Forty-eight poverty alleviation projects in four designated counties under China Three Gorges Corporation (CTG)'s 2020 plan were all underway by March 25.
A total of 400 million yuan ($56.4 million) had already been given to the projects.
According to CTG, the projects cover food and clothes supplies and compulsory education, basic medical care and safe housing guarantees as well as such industries as tourism, planting and breeding and e-commerce.
About 97.4 million yuan are for medical support which includes repletion of four CTG medical poverty alleviation funds and renovation and expansion of two county hospitals.
Valued at 146.83 million yuan, the education projects include construction of five schools, renovation and building of four other education facilities and two projects to improve teaching capacities.
Six tourism and four planting and breeding projects as well as e-commerce industrial support projects have received 80 million yuan.
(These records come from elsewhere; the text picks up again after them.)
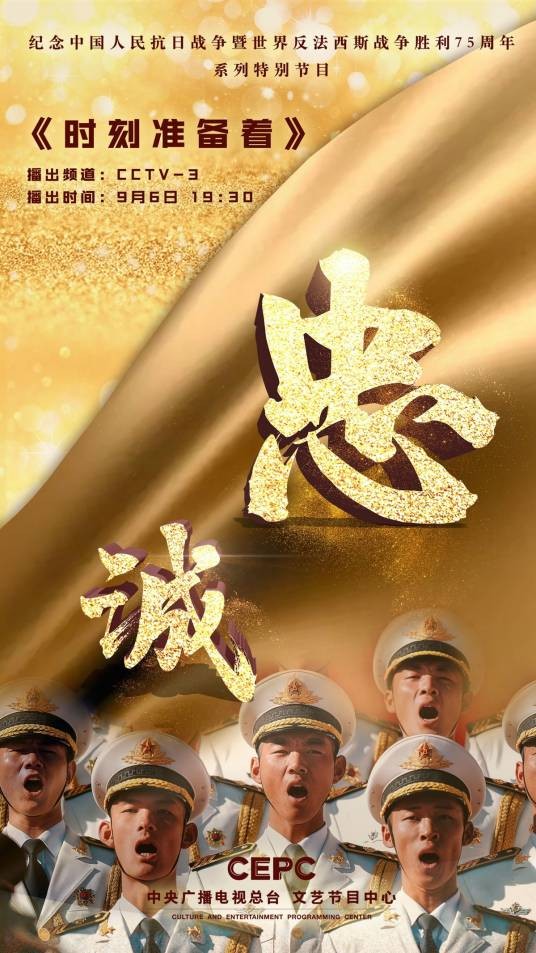 时刻准备着(纪念抗日战争胜利75周年系列节目)
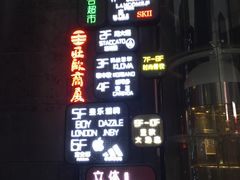 -谭家弄堂(亚欧商厦店)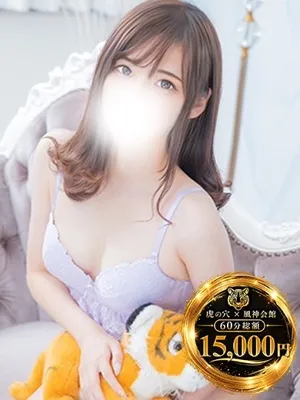 Sumire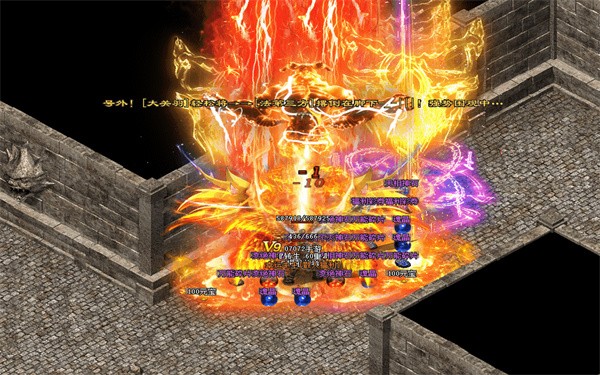 天子剑单职业超变传奇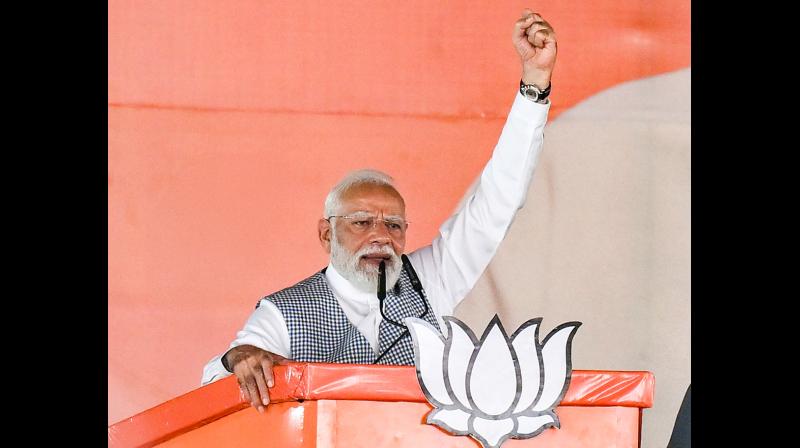 पोखरण परमाणु परीक्षण भारत की अटल इच्छाशक्ति का प्रतीक: पीएम मोदी पोखरण परमाणु परीक्षण भारत की अटल इच्छाशक्ति का प्रतीक: पीएम मोदी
Wang Lin, deputy secretary of the CTG Committee of the CPC, said that implementation of the projects will help regional economic growth recover from the COVID-19 pandemic and consolidate poverty alleviation gains, which will lay a foundation for rural revitalization.
CTG has run poverty alleviation projects in four counties – Wushan and Fengjie counties in Chongqing, Wan'an county in Jiangxi province and Baarin Left Banner in Inner Mongolia autonomous region – since 2002. Over the past 18 years, it dispatched 38 employees and invested 850 million yuan to 298 projects. With success, the four counties are now free of poverty.
To help economic recovery in the four counties, CTG purchased agriculture products valued at more than two million yuan.
In addition to the designated counties, the company also supports projects in the Tibet autonomous region, Xinjiang Uygur autonomous region and Qinghai province and offers helps to the ethnic minority people in Yunnan and Sichuan provinces and migrants in the hydropower reservoir areas.
So far, CTG has invested more than 8.35 billion yuan for poverty alleviation and initiated over 1,400 supportive projects, benefiting more than one million people.